Back in January 2017, we wrote of an exciting new venture involving a church, a team based in the Arab world, and our online ministry team. The church formed a group to uphold the project in prayer, while our team worked with those on the field to plan a way of reaching a specific people group online. Members of ours and the field based team provided the church group with regular updates to keep them in the loop.
Over a three-month period, we all worked together in a partnership of prayer and strategic online content. The goal was to link up the field based team with some local seekers.
Two members of the field based team recently dropped by to catch up with us. We took the opportunity to interview Hannah* and learn about her experience of this new way of collaborating…
How did you begin working out who you were wanted to reach?
We did everything as a team, which was difficult because our team was split between two cities. We ended up focusing on three different cities and we chose to focus on Shia Muslims.
We probably should have made it more specific, but because we had women and men at different ages on our team, if we focused only on women then half the team wouldn’t have been able to follow-up. So we made our person really broad, which we shouldn’t have done. And we ended up only getting responses from men.
Do you find that Shia are more open to the gospel?

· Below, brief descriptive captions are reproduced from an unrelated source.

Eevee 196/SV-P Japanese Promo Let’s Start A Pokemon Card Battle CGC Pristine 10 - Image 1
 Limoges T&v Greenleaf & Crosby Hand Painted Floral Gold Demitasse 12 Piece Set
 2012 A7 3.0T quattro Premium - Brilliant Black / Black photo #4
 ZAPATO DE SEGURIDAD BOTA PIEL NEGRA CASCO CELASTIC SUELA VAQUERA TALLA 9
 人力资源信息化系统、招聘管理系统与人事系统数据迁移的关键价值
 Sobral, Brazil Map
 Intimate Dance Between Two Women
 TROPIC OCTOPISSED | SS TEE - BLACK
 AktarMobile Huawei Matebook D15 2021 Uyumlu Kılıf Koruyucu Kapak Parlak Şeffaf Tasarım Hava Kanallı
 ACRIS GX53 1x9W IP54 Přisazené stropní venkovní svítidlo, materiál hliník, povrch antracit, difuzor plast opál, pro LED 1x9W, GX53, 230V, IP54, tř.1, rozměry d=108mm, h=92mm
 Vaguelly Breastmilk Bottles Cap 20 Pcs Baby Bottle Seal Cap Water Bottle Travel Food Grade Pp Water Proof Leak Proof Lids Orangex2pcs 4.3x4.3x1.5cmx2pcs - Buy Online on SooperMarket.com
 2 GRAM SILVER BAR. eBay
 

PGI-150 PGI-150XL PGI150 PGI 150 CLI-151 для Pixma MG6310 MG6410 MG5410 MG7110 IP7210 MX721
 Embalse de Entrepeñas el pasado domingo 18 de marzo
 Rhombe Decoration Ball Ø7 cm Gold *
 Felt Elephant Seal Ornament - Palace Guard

I don’t think so. They do tend to be more critical thinkers, at least in our country, because they are more discriminated against. About half of their school classes are [Sunni] Islamic and that’ll be directly against Shia, so Shia kids will go home and get re-taught. They learn that not everything they hear in school is true, which is a skill that most locals here don’t have.
They also tend to read more, though I’m not sure why. They tend to be more interested in learning, which is perhaps because they’re more discriminated against. It’s hard here for Shia to get jobs. They’ve don’t have the same connections as Sunnis, so they tend to work harder for what they get. That’s partly why we picked them.
How did things work out in connecting up with the church? How did that relationship work?
We did this through Facebook. My job was to put up posts. The project leader would post about responses – specifics of numbers and how many clicks we had, which was encouraging for us too. Almost every day, I would post a picture that one of us had taken around our city with a verse.
How did people respond?
In our city, three men responded. One of them was just interested in learning more. He hadn’t said Islam was false. He just wanted to explore things. This was a good learning experience for my husband, Daniel. He thought the goal was to read the Bible with someone. Looking back, he says that he probably should have waited a little bit before asking about that. They still text back and forth. They even met up a few times, though not recently.
The second guy was hostile – he pretended to be interested. He met up with Daniel and listened to him for an hour and then tried to convert him. Nothing bad happened, but he was trying to convert Daniel.
The third man was Sudanese. He ended up accepting Christ, which was really good. He loved talking about Jesus and he loved reading about him. He ended up going back to Sudan and we connected him with someone there.
Are you planning to do something again at some point?
We actually have. We were a little bit frustrated at the response of women. Our team has seven girls, so we decided to focus specifically on women. The words we used had the female ending and pictures that would appeal to women. And we did a lower ask, so rather than asking, ‘Hey, do you want to meet up?’ we said, ‘Do you want to receive daily messages of hope and freedom?’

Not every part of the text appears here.